By Vitrolife, Oct 24, 2019

Thoughts and reflections from ASRM 2019

This year Philadelphia hosted the annual American Society for Reproductive Medicine meeting for thousands of delegates from all over the world. Similar to previous years, IVF professionals gathered to present or listen to the latest scientific developments in the field of assisted reproduction. We have collected some of our thoughts and reflections of the scientific content of the meeting in this blog post.

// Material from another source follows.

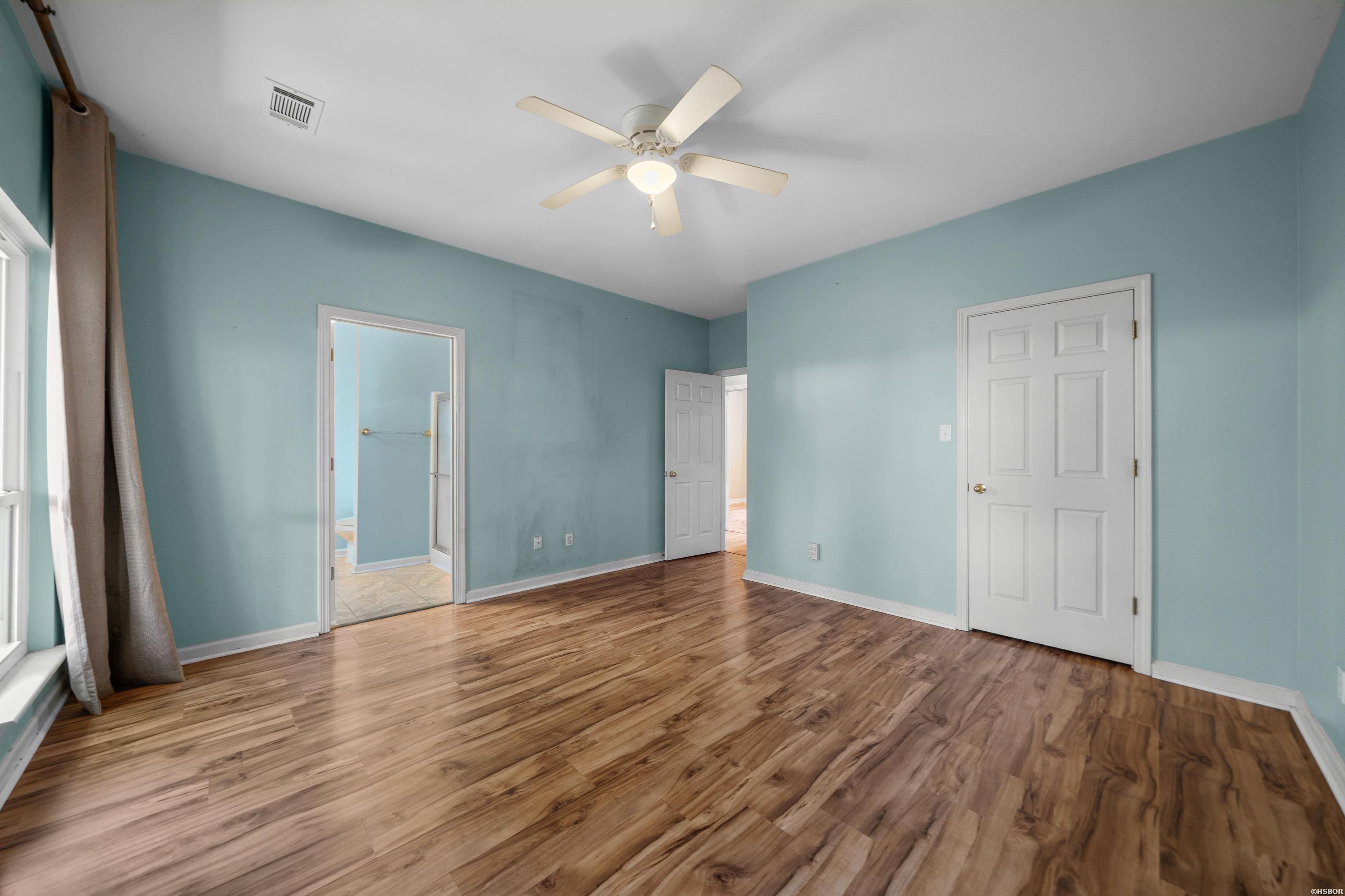 159 Wyatt Cove Property Photo 8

Artificial intelligence on the agenda

It is very interesting to follow how artificial intelligence-based analysis is becoming increasingly investigated for potential use in different aspects during IVF. In total we counted 24 scientific abstracts employing AI approaches for optimising IVF processes, the majority relating to embryo evaluation or selection. As explained by Dr. Hickmann and Dr. Zaninovic in their common Pre-plenary session “Eye on AI: Artificial intelligence in ART” (LET01), embryo evaluation and selection has been the initial focus when implementing the powers of AI because time-lapse monitoring of embryos and the subsequent clinical outcomes provide suitably structured data to develop and train deep learning neural networks. Other areas in ART will likely follow in the future.

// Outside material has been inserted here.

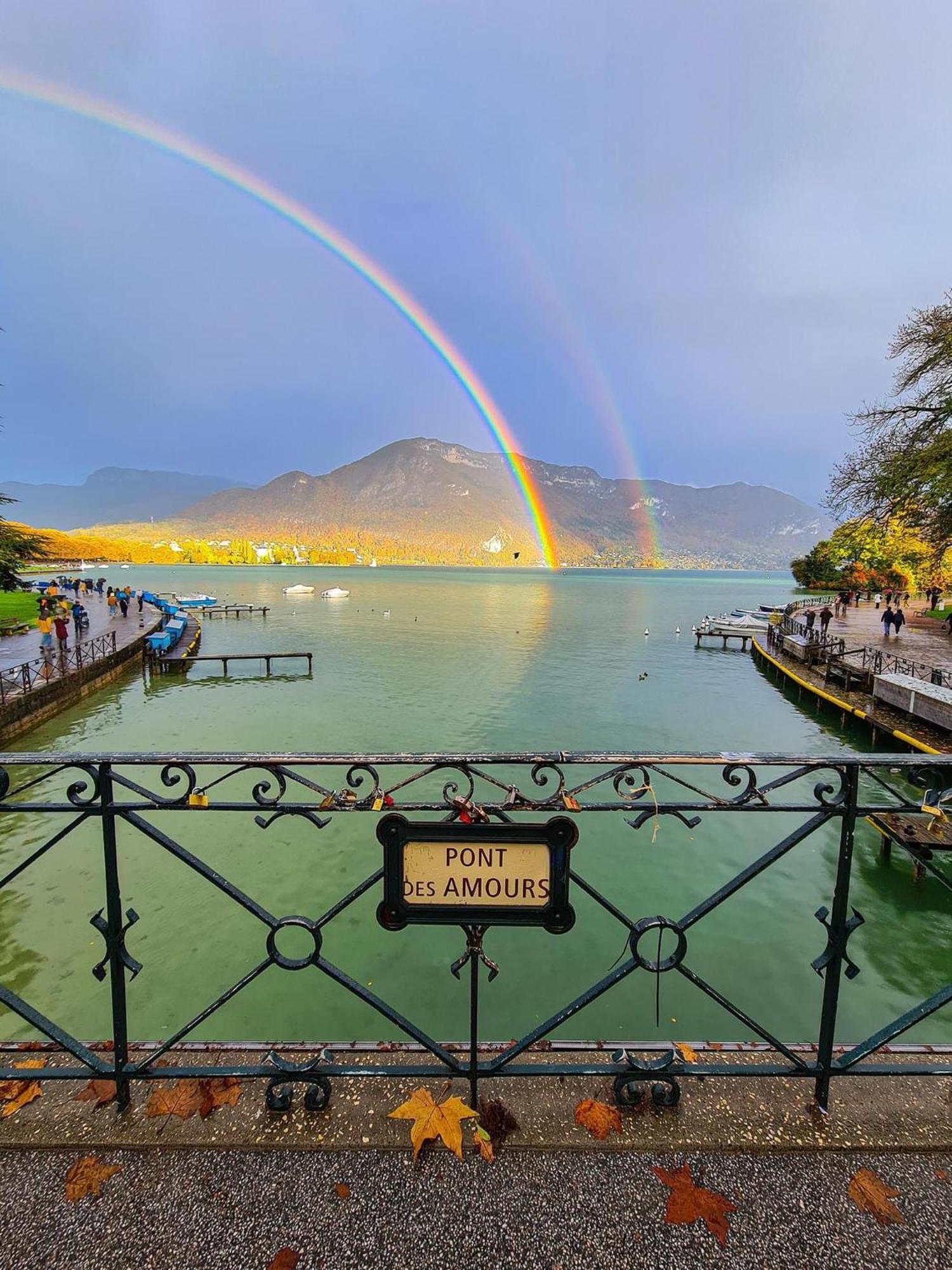 Woody 100M Du Lac Balcon อานซี ภายนอก รูปภาพ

Culture conditions are still essential 

A topic that is always of interest is of course how stable culture conditions are the basis of successful IVF. Improved blastocyst development in the EmbryoScope+ versus a benchtop trigas incubator was demonstrated in a poster by Nicolielo et al. (P-44) entitled “Embryo culture in time-lapse system provides better rates of blastocyst formation, decreases embryo development arrest compared to traditional benchtop triple gas culture system”. In this study examining development of 9482 oocytes from 1276 cycles, there was a statistically significant difference in number of blastocysts, mean blastocyst per cycle and a reduction in cancelled cycles. The conclusion was that the uninterrupted culture available with the time-lapse system produced better blastocyst formation rates, especially between 35 and 42 years old, lower embryo arrest rate and the ability to produce approximately 1 (one) extra blastocyst per cycle, which could increase the cumulative pregnancy rates.

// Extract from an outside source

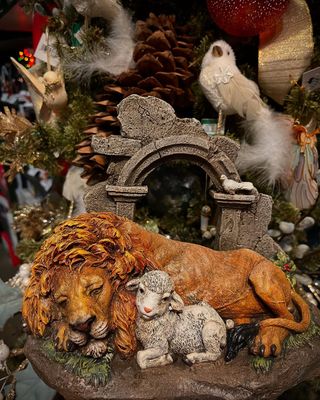 Sleeping Lion and Lamb Figure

Time-lapse incubation should be considered as an alternative to traditional incubation

Use of time-lapse to improve selection of euploid blastocysts was presented by Sundheimer et al (P-100). In this study, pregnancy rates of euploid embryos with a single thaw transfer created in the EmbryoScope time-lapse system were statistically significantly higher than with standard incubation (80.8% versus 67.3%, p<0.05). Combining patients with a single thaw cycle as well as an eSET transfer, the pregnancy rate in the Embryoscope was 79.7% versus 67.3% (p<0.05). The study concluded that given the significantly improved pregnancy rates, time-lapse incubation of embryos should be considered as an alternative to traditional incubation.

Prediction of euploidy

Development of a model using morphokinetic variables and morphology to predict which embryos were most likely to be euploid was shown by Desai et al. (P-109). For the morphokinetic variables, the difference from start of blastulation (tSB) to expanding blastocyst (tEB) showed that the odds ratio of euploidy decreased by 4.5% for each hour difference (p<0.002). In addition, embryos with a tSB of less than 96.2 hours were 1.5 times more likely to be euploid than slower embryos p=0.0005. Finally, embryos with more than 1 dysmorphia at the cleavage stage lowered the odds of being euploid by 49% (p=0.003).

Focus on genomics and preimplantation genetic testing for aneuploidy

Two 'hot' topics dominated the field of preimplantation genetic testing for aneuploidy (PGT-A) this year at ASRM. Sessions on mosaicism and non-invasive PGT (niPGT) generated a significant amount of interest with standing room only in the meeting rooms!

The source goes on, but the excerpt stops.